Het unieke, andere graf
En dan nu het graf waar het in deze blog over gaat, want dat is uniek. Het was al in het verleden geplunderd. De archeologen vonden hier een wolvenschedel, die antieke grafschenners hadden neergelegd. Zo wilden ze voorkomen dat de geest van de beroofde Romein wraak zou komen nemen.
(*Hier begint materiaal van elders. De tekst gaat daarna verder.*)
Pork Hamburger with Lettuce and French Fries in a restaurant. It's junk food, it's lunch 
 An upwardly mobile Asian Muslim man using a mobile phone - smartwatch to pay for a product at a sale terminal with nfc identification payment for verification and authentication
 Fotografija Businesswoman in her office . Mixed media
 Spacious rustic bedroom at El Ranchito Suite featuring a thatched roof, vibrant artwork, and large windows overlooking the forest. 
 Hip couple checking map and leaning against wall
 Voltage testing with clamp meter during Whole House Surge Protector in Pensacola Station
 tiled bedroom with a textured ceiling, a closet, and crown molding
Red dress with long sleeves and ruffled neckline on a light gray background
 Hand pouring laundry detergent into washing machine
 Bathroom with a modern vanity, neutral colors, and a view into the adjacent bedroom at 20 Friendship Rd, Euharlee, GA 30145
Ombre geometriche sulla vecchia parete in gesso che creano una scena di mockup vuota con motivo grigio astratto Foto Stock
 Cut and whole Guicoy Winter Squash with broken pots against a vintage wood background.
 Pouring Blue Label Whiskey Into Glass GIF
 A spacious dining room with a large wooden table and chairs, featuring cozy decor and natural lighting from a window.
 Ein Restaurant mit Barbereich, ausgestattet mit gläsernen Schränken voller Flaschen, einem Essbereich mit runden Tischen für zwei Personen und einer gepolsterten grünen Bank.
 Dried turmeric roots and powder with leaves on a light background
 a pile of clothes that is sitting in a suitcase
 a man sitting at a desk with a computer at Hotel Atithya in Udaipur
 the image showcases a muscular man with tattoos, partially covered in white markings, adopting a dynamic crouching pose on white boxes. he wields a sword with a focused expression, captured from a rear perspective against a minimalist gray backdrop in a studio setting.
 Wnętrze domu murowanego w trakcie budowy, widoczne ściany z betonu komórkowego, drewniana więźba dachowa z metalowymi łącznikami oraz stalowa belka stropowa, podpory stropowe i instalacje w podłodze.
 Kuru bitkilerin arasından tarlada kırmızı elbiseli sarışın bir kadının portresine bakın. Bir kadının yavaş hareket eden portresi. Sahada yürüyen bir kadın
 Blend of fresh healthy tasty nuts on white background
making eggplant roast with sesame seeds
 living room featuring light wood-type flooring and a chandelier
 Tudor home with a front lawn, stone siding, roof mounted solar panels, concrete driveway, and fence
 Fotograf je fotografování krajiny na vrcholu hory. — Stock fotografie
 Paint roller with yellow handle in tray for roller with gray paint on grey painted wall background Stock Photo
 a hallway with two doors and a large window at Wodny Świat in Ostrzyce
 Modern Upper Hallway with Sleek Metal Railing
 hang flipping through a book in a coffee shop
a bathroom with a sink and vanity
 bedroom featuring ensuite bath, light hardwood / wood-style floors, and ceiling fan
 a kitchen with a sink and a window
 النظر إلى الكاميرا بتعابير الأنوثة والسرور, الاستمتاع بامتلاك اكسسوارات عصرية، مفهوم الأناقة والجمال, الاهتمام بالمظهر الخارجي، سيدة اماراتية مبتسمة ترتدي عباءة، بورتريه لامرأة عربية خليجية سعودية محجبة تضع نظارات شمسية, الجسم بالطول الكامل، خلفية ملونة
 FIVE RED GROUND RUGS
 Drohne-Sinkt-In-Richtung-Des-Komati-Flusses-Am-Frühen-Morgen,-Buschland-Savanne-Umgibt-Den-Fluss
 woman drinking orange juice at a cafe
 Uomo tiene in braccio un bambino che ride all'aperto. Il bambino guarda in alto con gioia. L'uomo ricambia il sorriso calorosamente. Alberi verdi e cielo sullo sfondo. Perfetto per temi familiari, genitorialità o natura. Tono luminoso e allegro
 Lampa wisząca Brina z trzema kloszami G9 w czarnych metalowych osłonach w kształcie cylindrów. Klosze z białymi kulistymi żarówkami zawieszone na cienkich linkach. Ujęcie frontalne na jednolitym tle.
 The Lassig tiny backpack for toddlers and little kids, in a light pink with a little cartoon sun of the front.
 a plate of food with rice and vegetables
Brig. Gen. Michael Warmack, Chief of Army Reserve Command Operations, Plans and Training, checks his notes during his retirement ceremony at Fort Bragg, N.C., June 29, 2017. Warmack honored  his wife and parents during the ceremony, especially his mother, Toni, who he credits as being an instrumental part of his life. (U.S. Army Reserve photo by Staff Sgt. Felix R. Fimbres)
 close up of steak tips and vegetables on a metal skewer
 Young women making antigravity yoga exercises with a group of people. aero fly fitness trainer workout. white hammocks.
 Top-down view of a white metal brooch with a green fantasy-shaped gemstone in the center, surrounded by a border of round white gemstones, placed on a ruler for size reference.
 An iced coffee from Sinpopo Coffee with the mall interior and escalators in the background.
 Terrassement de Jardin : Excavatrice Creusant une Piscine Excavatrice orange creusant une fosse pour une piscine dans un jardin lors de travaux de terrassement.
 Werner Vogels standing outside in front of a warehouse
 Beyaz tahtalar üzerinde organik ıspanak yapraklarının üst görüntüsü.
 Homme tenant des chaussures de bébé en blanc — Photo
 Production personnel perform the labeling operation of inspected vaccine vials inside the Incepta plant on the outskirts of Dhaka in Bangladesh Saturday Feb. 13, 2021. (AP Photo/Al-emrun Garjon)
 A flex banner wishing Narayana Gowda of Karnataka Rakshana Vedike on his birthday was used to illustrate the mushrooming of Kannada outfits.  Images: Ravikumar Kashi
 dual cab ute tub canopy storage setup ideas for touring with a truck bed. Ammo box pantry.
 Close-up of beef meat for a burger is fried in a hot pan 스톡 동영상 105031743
Het was een ritueel om het geplunderde graf af te sluiten om te voorkomen dat de geest van de overledene eruit zou komen om wraak te nemen voor de grafroof,
aldus de Poolse onderzoekleider Bartłomiej Szymon Szmoniewski van het Instituut voor Archeologie en Volkenkunde van de Poolse Academie van Wetenschappen. De wolvenkop was bovenop de steen gelegd waarmee de grafrovers het gat dat ze hadden gemaakt, hadden gedicht.
De grafrovers: Geten?
Resteert de vraag wie de grafrovers waren. Het zijn waarschijnlijk Geten geweest. De Geten waren een van de Thracische stammen aan de benedenloop van de Donau. Ze leefden in het noordoosten van het huidige Bulgarije en het zuidoosten van Roemenië.
Waarschijnlijk is de naam een exoniem, ofwel een naam die is gegeven door ‘niet-Geten’. Wellicht komt de naam uit het Grieks. Het woongebied van de Geten vormde het achterland van de Griekse koloniën langs de kust van de Zwarte Zee, waardoor de Geten waarschijnlijk al vroeg contact legden met de Grieken. Hiëronymus van Stridon beschrijft de Geten als roodharige of geelharige mensen.
De Geten assimileerden niet al te snel. Ze waren in de vierde eeuw na Chr. nog voldoende herkenbaar om hun naam te geven aan een groep landverhuizers die we ook kennen als de Goten. Het blijft speculatie, maar zij kunnen de Romeinse cultuur voldoende vreemd gevonden hebben om zich ermee te verrijken als grafrovers.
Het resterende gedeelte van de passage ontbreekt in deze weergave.